Au terme d'une minutieuse analyse, les statistiques ont constaté que les Hollandais ont été, lors des éliminatoires, les rois du tacle, avec le pourcentage le plus élevé de la zone Europe: 86%! D'autre part et comme ce fut le cas face à l'Uruguay, la plupart des buts inscrits sont issus du jeu et non de balles arrêtées «credo» de certaines de formations en panne d'inspiration. D'ailleurs, le keeper Msulera a été très souvent sollicité ainsi que ses partenaires. La possession de la balle par les Bataves a fini par user les joueurs de la Céleste, dont le jeu comportait trop de déchets techniques. La volonté et la rage de vaincre sont souvent très louables, mais elles ne suffisent pas à masquer les insuffisances. Ceci dit, il faut reconnaître que les coéquipiers de Forlan se sont battus de toutes leurs forces. A ce propos, on se demande s'ils avaient récupéré des grands efforts fournis lors du débat contre le Ghana.

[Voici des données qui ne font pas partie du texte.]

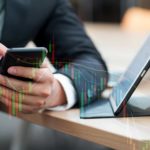 A share market investment manager monitors share price movements on his mobile phone and laptop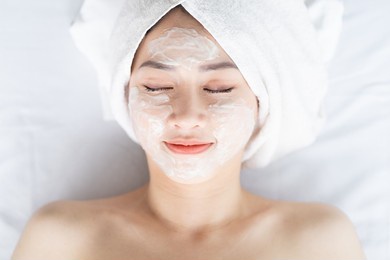 asian woman doing beauty treatments, spa treatments and being applied cream to her face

 Cependant leur mérite n'est pas mince. Arriver en demi-finale alors que tous les boomakers avaient misé plutôt sur le Brésil et l'Argentine est un exploit authentique pour ce petit pays, sur le plan de la démographie, mais un grand pays du football, un sport que tous les enfants pratiquent dès leur plus tendre enfance. Avec des résultats que l'on sait. Certes, excepté quelques stars tels Forlan et Suarez, le niveau technique n'égale pas celui des équipes de premier plan mais les Uruguayens ont d'autres atouts, tels l'esprit de groupe, l'amour du maillot, avec un jeu reposant sur un pressing constant et des raids en contres. Ce qui explique la présence de la Céleste à ce stade du Mondial alors que beaucoup d'équipes, mieux nanties en individualités de marque, sont rentrées à la maison. Cette fois, les hommes d'Oscar Tabarez avaient en face une formation au jeu collectif plus affirmé et c'est ce qui a fait la différence. Ces Hollandais au jeu bien léché, il faudra aller les chercher dimanche prochain?